Mechanically speaking, cotton is smooth, solid, and triangular, whilst wool is rough, tubular, and cylindrical. The grand cause of that mysterious and curious operation called felting, fulling, shrinking, thickening, and solidifying of a fabric, whether of original loose wool, fur, or other stuff, or of that spun into yarn and woven into cloth, is the presence of these scales.
Till lately, the best operative hatter and the investigating philosopher were equally at a loss to explain upon what principle such effects were produced. Take, for instance, a handful of wet fur or wool, which is merely an assemblage of hairs; squeeze and press it, work it a little in the hand, and then observe the effect; for immediately upon pressing it a certain locomotion is thereby conferred upon every fibre of that assemblage, which is increased by every turn of position that is given to the body of wool.
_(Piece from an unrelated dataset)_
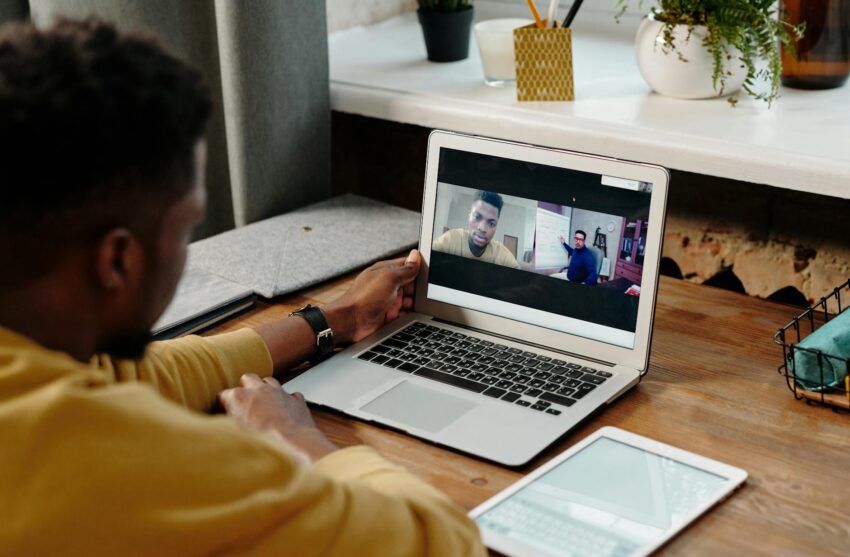 A man participates in an online video conference call from home using his laptop, fostering remote communication.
The rolling and pressing change the position of each fibre. Every hair has been travelling in its own individual direction, boring, warping, grasping, holding, and twisting amongst its fellows like a collection of live worms.
The power of combination, like the fable of the bundle of sticks, is strikingly illustrated in the case of the hair, which when viewed singly seems so very insignificant, but collectively, and when pressed by the hand of oppression, hardship, and ill treatment, they combine and become strong and defiant, clasping each other in their embrace, tenaciously clinging to each other the more they are tortured, as if they were living rational beings, conscious of their innocence, and free from guilt.
Stockings, for instance, that are knit with soft-spun wool, for the use of whale fishermen in northern latitudes, are large enough, when first formed, to hold the whole man, but are felted down to the required size in the fulling mill, where they are battered, tossed about, and tortured to that degree that is required by their tormentors.
The writer has seen a millful of these stockings whose sides were felted so firmly together, from a neglect of the workmen to turn them inside out, in due time, during the felting operation, that a knife was required to open them, and which actually failed in several instances, so firmly had their two sides grown together; common tearing having no effect whatever, each and every single hair had embraced  its neighbors, and their mutual action defied all attempts to open these stockings.
There are instances of ruminating animals having died from the effect of balls of hair having formed within their stomachs, hair by hair having accumulated while licking themselves with their tongues.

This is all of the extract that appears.